* What is expected: Omitting every picture, copy the lines from the one that contains "Read The Heavenly" through the last line of the records below, exactly and with nothing added.

* Raw data:

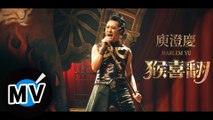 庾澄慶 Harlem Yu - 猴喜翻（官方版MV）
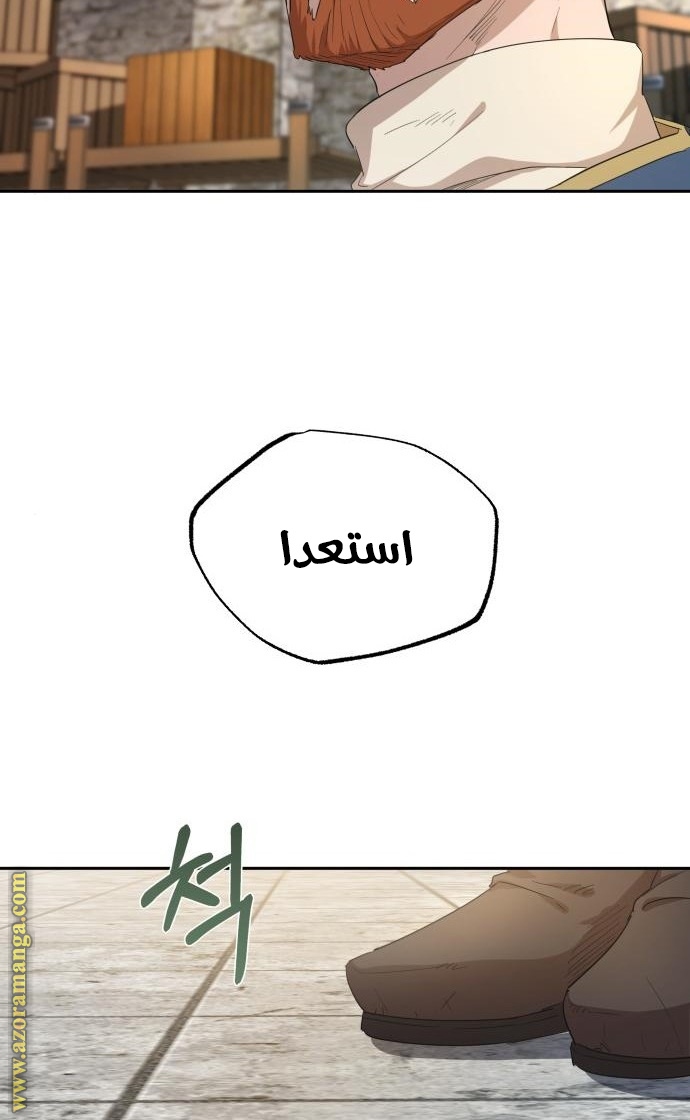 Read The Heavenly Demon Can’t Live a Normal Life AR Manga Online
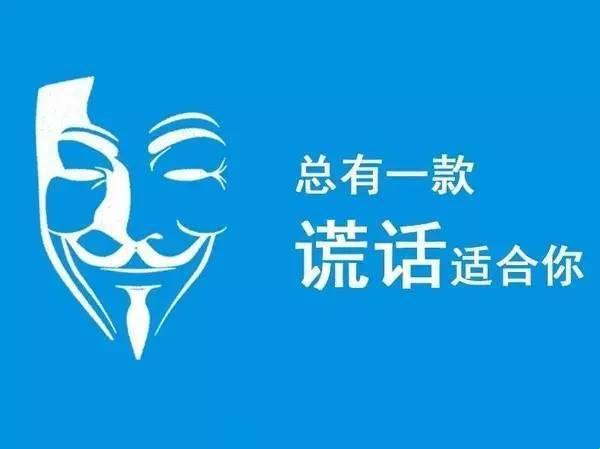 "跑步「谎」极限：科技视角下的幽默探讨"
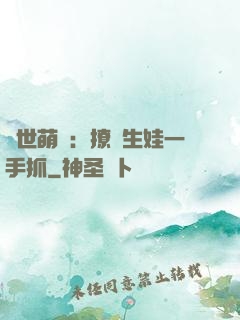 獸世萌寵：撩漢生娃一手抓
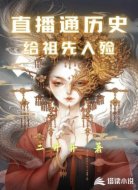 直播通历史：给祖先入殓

* Final answer:
 Read The Heavenly Demon Can’t Live a Normal Life AR Manga Online
 "跑步「谎」极限：科技视角下的幽默探讨"
 獸世萌寵：撩漢生娃一手抓
 直播通历史：给祖先入殓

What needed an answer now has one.